▸ **WORK ORDER**
Since the records include pictures, leave those out while you reproduce exactly and only the lines from the one containing "Bangle Bracelet - Yellow" through the one containing "CobrasGirlsFC's tweet photo.", inclusive.

▸ **MATERIAL PROVIDED**
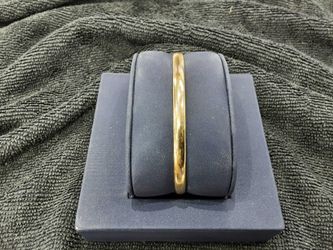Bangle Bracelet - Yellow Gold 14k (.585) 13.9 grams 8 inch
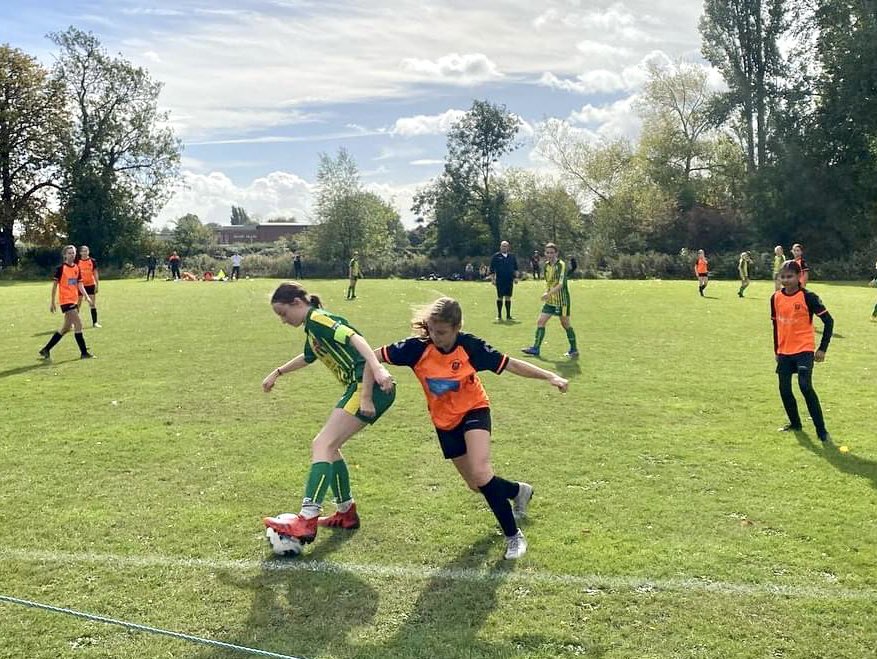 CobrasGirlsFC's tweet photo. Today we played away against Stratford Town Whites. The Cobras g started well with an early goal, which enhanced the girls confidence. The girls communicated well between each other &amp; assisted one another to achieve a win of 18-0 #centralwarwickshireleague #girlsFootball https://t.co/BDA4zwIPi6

--

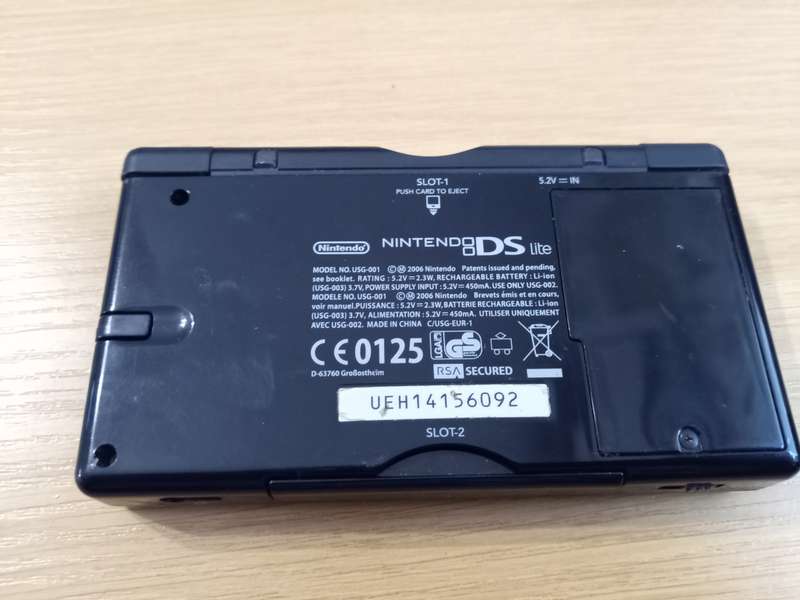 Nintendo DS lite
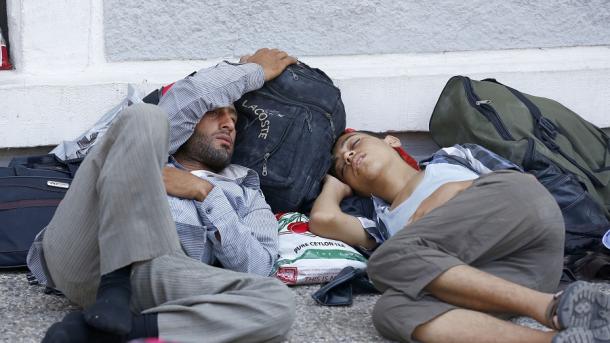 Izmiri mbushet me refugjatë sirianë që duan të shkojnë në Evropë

▸ **EXPECTED ANSWER**
Bangle Bracelet - Yellow Gold 14k (.585) 13.9 grams 8 inch
 CobrasGirlsFC's tweet photo. Today we played away against Stratford Town Whites. The Cobras g started well with an early goal, which enhanced the girls confidence. The girls communicated well between each other &amp; assisted one another to achieve a win of 18-0 #centralwarwickshireleague #girlsFootball https://t.co/BDA4zwIPi6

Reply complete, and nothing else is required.